The committees of correspondence were, prior to the outbreak of the American Revolutionary War, a collection of American political organizations that sought to coordinate opposition to British Parliament and, later, support for American independence. The brainchild of Samuel Adams, a Patriot from Boston, the committees sought to establish, through the writing of letters, an underground network of communication among Patriot leaders in the Thirteen Colonies. The committees were instrumental in setting up the First Continental Congress, which met in Philadelphia.

Function

The function of the committees was to alert the residents of a given colony of the actions taken by the British Crown, and to disseminate information from cities to the countryside. The news was typically spread via hand-written letters or printed pamphlets, which would be carried by couriers on horseback or aboard ships. The committees were responsible for ensuring that this news accurately reflected the views, and was dispatched to the proper receiving groups. Many correspondents were members of colonial legislative assemblies, and others were also active in the Sons of Liberty and Stamp Act Congress.[1]

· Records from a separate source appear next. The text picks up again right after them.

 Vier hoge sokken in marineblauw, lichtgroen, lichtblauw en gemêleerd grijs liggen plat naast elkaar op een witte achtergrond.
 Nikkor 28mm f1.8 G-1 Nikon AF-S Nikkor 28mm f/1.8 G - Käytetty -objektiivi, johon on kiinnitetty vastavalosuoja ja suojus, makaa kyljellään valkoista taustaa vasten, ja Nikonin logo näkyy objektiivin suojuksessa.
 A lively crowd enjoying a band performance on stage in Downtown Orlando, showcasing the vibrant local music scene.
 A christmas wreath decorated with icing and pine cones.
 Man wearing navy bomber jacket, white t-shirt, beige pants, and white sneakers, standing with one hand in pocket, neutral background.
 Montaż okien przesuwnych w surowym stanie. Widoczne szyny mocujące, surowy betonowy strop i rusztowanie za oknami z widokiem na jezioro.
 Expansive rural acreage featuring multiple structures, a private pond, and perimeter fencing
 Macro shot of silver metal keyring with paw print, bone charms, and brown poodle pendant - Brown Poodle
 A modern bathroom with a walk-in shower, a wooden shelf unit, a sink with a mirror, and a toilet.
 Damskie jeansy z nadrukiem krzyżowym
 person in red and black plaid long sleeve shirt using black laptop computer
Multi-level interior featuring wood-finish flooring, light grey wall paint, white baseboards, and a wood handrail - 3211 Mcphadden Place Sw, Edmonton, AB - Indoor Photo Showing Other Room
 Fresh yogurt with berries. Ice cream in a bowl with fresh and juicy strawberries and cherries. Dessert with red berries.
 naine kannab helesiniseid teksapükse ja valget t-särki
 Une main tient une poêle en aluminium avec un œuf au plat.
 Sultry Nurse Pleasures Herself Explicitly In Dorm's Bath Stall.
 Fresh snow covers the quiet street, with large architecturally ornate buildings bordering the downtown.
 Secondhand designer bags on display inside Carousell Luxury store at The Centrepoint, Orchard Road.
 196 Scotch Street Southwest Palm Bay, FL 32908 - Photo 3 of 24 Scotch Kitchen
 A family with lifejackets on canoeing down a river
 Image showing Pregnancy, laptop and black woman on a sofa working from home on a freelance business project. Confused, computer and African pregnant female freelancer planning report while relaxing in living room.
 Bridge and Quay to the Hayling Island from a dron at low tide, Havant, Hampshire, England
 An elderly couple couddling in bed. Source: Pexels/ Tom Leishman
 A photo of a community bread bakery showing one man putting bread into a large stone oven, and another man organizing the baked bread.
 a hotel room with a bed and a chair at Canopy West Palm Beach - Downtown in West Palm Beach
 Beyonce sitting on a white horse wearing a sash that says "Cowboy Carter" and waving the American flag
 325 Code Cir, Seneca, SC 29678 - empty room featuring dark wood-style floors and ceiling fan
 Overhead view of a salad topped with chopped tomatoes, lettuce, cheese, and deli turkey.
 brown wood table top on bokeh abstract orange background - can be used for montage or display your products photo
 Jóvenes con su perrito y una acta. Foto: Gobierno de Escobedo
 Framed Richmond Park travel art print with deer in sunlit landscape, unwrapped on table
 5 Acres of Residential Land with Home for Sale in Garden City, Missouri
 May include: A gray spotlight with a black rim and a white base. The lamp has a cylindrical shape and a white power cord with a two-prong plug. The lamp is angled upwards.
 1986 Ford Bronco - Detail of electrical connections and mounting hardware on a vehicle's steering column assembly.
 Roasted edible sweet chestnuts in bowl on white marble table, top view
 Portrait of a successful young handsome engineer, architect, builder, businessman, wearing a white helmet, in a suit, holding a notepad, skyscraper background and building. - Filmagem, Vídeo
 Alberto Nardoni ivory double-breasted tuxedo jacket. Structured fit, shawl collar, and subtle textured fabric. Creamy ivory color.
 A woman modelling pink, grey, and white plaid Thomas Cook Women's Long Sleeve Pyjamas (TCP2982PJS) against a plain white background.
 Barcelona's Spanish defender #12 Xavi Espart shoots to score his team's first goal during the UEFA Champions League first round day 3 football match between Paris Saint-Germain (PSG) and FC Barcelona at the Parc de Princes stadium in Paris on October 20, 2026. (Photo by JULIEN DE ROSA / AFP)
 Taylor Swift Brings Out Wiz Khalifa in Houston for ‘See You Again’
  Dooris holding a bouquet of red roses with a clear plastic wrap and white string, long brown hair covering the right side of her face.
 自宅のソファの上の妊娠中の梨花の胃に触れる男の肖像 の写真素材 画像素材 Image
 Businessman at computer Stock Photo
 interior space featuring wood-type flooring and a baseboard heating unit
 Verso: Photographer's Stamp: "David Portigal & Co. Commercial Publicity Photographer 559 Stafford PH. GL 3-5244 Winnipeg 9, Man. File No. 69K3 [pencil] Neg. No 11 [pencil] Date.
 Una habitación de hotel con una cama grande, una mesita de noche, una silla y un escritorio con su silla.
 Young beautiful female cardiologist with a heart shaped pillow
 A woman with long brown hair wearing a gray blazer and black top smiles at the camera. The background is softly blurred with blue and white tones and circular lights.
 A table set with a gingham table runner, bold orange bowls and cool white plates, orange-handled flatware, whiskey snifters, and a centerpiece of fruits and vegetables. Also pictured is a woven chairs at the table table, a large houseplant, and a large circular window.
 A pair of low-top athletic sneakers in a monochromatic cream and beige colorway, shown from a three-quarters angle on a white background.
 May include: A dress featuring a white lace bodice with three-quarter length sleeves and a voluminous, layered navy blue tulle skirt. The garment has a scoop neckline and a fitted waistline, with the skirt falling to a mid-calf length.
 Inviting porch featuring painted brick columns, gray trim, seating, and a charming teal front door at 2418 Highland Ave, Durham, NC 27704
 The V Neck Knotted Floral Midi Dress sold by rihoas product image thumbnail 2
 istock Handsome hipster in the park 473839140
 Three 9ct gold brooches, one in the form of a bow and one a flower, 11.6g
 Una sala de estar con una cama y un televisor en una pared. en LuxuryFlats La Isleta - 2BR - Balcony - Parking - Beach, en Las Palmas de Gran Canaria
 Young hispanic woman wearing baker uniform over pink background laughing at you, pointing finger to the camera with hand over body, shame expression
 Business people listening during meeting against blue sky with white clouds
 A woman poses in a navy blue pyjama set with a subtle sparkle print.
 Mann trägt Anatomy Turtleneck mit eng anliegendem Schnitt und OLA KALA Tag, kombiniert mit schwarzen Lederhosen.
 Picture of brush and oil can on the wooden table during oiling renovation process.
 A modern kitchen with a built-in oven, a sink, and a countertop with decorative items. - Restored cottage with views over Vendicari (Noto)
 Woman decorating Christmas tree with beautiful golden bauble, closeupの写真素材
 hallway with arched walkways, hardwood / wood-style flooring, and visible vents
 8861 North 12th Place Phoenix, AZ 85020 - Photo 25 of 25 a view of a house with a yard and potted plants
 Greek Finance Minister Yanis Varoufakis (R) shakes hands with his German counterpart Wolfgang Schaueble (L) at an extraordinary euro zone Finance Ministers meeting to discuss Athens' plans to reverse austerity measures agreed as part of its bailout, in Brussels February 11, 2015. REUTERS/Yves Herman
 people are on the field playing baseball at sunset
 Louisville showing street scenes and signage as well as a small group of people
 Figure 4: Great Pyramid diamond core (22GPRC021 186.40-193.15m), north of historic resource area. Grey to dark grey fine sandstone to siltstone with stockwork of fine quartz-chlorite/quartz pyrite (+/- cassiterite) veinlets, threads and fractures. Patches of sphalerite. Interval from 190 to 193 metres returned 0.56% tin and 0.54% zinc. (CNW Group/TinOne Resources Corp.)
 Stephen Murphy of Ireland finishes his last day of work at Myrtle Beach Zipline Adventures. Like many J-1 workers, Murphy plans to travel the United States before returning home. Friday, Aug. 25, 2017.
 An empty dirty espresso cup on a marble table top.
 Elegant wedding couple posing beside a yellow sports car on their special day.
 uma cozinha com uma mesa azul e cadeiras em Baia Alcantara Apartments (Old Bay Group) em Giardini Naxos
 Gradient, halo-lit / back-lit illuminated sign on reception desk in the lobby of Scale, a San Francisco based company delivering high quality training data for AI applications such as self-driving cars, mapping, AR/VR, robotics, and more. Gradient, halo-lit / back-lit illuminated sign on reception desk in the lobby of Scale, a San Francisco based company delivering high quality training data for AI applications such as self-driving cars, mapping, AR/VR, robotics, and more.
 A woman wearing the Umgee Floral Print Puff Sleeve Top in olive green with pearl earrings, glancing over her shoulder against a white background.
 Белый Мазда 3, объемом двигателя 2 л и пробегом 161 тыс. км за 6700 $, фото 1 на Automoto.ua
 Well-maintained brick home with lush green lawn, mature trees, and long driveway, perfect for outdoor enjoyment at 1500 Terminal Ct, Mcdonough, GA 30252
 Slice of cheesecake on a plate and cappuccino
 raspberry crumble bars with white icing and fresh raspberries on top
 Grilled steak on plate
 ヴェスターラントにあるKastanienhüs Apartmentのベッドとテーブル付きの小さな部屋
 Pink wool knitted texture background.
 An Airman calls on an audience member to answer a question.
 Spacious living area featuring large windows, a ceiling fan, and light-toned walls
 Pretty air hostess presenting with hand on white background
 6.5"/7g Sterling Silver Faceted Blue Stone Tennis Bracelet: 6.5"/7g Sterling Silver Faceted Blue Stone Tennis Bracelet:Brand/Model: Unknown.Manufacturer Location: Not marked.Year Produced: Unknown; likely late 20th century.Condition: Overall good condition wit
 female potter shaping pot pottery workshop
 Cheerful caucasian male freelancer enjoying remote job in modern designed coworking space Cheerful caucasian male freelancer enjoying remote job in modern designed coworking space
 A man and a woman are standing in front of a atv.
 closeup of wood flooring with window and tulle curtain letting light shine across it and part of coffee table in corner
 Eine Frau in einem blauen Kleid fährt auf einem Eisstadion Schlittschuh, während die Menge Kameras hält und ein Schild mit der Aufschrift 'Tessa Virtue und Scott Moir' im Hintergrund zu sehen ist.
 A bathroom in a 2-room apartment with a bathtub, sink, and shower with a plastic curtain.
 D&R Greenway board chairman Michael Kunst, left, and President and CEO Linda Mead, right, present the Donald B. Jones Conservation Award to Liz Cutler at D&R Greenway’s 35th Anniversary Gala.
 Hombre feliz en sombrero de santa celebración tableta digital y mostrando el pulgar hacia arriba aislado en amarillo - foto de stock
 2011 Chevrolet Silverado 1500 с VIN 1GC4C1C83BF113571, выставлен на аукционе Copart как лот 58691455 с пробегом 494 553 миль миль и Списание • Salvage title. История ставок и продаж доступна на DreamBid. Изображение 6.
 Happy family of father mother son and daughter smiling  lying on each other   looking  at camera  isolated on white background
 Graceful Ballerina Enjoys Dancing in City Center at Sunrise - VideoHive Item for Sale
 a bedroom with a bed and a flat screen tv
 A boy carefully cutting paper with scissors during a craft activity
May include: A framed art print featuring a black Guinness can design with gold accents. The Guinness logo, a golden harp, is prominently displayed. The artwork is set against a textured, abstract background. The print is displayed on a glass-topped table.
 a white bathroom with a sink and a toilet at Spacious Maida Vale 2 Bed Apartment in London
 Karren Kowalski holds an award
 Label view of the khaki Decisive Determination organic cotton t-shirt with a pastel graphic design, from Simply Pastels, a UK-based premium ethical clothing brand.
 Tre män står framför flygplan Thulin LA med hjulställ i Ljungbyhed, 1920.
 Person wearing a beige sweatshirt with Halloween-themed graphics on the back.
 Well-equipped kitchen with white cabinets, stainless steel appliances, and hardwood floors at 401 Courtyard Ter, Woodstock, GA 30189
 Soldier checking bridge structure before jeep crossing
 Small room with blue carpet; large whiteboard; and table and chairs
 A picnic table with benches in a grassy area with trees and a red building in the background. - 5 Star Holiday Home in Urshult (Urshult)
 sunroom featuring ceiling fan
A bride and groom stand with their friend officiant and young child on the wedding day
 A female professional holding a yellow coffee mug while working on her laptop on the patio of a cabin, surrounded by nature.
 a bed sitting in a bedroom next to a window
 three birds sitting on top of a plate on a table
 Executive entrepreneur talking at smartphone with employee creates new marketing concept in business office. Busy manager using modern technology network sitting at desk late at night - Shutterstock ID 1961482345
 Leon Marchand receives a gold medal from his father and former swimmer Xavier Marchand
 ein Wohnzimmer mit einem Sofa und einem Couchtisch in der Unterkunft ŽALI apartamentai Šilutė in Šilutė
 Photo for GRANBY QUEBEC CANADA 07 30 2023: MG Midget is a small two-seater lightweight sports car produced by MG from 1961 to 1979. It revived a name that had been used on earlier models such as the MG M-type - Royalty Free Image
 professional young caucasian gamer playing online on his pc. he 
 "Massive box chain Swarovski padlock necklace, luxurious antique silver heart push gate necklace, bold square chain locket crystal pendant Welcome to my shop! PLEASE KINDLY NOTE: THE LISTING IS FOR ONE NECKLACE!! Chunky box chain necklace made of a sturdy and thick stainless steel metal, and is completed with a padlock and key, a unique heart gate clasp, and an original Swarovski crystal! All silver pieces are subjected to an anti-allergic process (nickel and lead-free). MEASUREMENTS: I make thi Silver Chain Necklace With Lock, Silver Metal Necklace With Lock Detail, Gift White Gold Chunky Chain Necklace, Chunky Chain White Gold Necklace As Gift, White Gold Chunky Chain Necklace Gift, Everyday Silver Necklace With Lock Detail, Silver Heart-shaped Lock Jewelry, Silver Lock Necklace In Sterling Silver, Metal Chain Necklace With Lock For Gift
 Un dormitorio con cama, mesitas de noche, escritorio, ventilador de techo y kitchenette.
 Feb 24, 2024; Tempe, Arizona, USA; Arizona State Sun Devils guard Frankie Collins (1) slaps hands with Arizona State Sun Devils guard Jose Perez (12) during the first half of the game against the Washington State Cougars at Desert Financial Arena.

A total of about 7,000 to 8,000 Patriots served on these committees at the colonial and local levels, comprising most of the leadership in their communities; Loyalists were naturally excluded. The committees became the leaders of the American resistance to Great Britain, and largely determined the war effort at the state and local level. When Congress decided to boycott British products, the colonial and local committees took charge, examining merchant records and publishing the names of merchants who attempted to defy the boycott.[citation needed]

The committees promoted patriotism and home manufacturing, advising Americans to avoid luxuries, and lead a more simple life. The committees gradually extended their power over many aspects of American public life. They set up espionage networks to identify disloyal elements, displaced royal officials, and helped diminish the influence of the British government in each of the colonies.[citation needed] In late 1774 and early 1775, they supervised the elections of provincial conventions, which began the operation of a true colonial government.[2]

History

The earliest committees of correspondence were formed temporarily to address a particular problem. Once a resolution was achieved, they were disbanded. The first formal committee was established in Boston in 1764 to rally opposition to the Currency Act and unpopular reforms imposed on the customs service.[3]

During the Stamp Act Crisis the following year, New York formed a committee to urge common resistance among its neighbors to the new taxes. The Province of Massachusetts Bay correspondents responded by urging other colonies to send delegates to the Stamp Act Congress that fall. The resulting committees disbanded after the crisis was over.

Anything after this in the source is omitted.